**Information shown**:
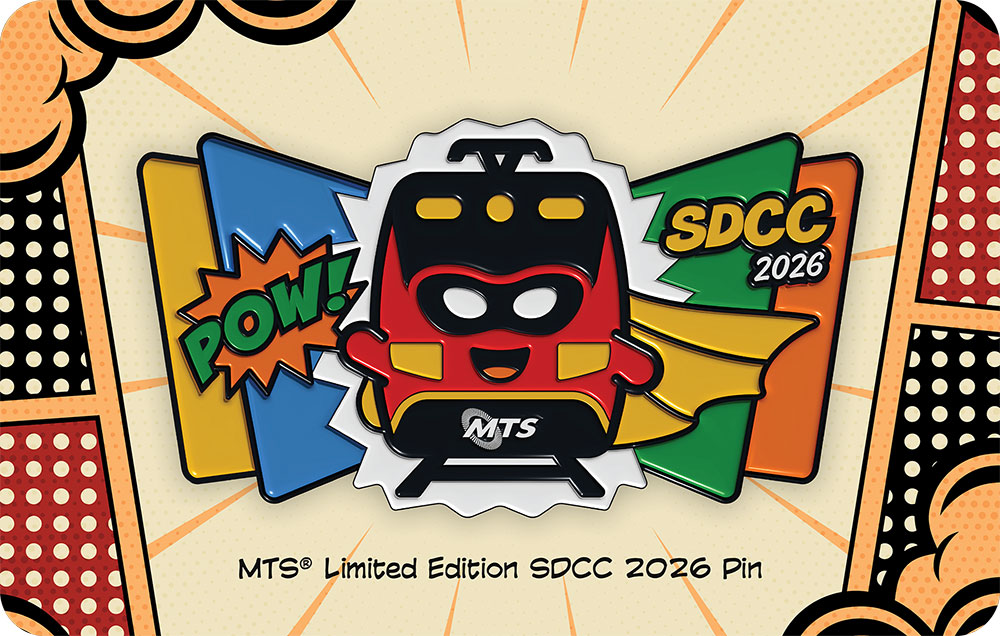A pin of the Trolley wearing a mask and a cape, with a POW! sign on the left and SDCC 2026 on the right on a four panel yellow, blue, green and orange background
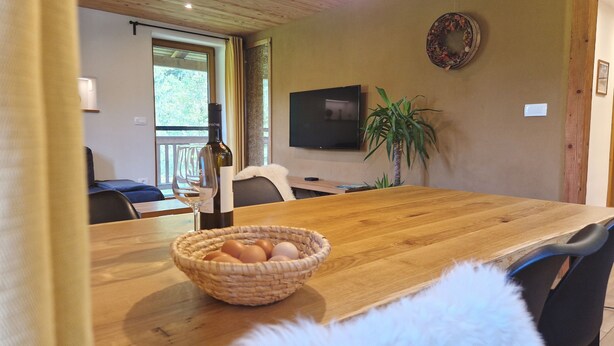 Una mesa de comedor de madera con una cesta de huevos, una botella de vino y un televisor montado en la pared.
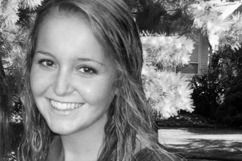 Woman with long hair smiles broadly, in front of trees. Black and white photo.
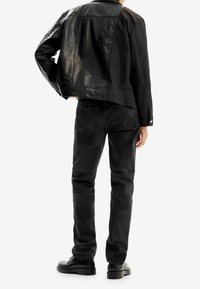 Giubbotto in pelle nera con finitura opaca, abbinato a jeans scuri a toppe e scarpe nere stringate, visto da dietro.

**Goal of the exercise**:
A verbatim transcript of the material above, with images dropped, is the expected output.

**Response to the exercise**:
A pin of the Trolley wearing a mask and a cape, with a POW! sign on the left and SDCC 2026 on the right on a four panel yellow, blue, green and orange background
 Una mesa de comedor de madera con una cesta de huevos, una botella de vino y un televisor montado en la pared.
 Woman with long hair smiles broadly, in front of trees. Black and white photo.
 Giubbotto in pelle nera con finitura opaca, abbinato a jeans scuri a toppe e scarpe nere stringate, visto da dietro.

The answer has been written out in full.